Stefan Weidner: "Fes"
Sieben Umkreisungen
Gratwanderung
zwischen islamisch geprägter Tradition und Moderne westlichen
Stils
Fes, die frühere Hauptstadt Marokkos, Zentrum
islamisch-arabischer Kultur und Brücke zum einst von ihr
beherrschten und befruchteten Andalusien: Eine Gruppe deutscher
Schriftsteller, die zum Austausch mit einheimischen Dichtern nach
Marokko gekommen ist, besichtigt die alte Königsstadt einen
Tag lang, geführt von Nassib, einem dort geborenen Dichter,
der den Gästen mehr als nur einen oberflächlichen
Blick auf die Sehenswürdigkeiten von Fes bieten
möchte. Nassib ist gefangen im Zwiespalt zwischen dem
Bestreben, Gemeinsamkeiten seiner Kultur mit jener der Gäste
zu suchen und zu vermitteln, und dem Bedürfnis zur Abgrenzung.

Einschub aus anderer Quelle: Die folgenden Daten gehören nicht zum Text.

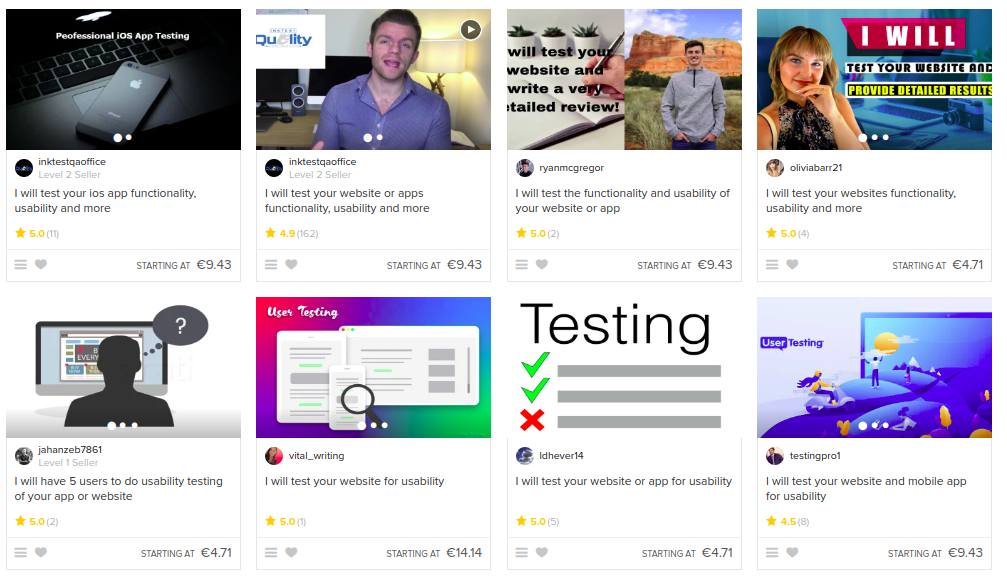 A list of usability testing experts on Fiverr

Vielleicht meint er es zu gut, jedenfalls kommt es zu einer
hässlichen Auseinandersetzung mit einem der deutschen
Teilnehmer.
R., ein weiteres Mitglied der Gruppe, ist mit diesem Ausgang nicht
zufrieden. Nassibs Ausführungen dienen ihm als Grundlage
für einen Besuch in der anderen marokkanischen
Königsstadt, Marrakesch. Seine Eindrücke des alten
und neuen Marrakesch ermöglichen es ihm, den Tag in Fes mit
anderen Augen zu sehen und Nassibs schwierige Position zwischen
islamisch geprägter Tradition und moderner Ausrichtung nach
Europa zu erkennen, hat er doch diesen Widerspruch überall in
Marokko gefunden, auch in Rabat, auch in Nassibs jetzigem, aus
touristischer Sicht bedeutungslosem Wohnort Mohammedia. Wie ein
gläubiger Muslim sieben Mal die Kaaba umrundet, so umkreist R.
in sieben Kapiteln, von denen drei aus sorgsam ausgewählten
Fotos bestehen, den kulturellen Konflikt, den Fes
repräsentiert. Sollten der Islam und die europäische
Kultur tatsächlich These und Antithese sein, so gelingt es R.
allmählich, sich durch seine weiträumigen
Umkreisungen der Synthese behutsam anzunähern.
Behutsamkeit ist überhaupt ein Merkmal dieses Romans.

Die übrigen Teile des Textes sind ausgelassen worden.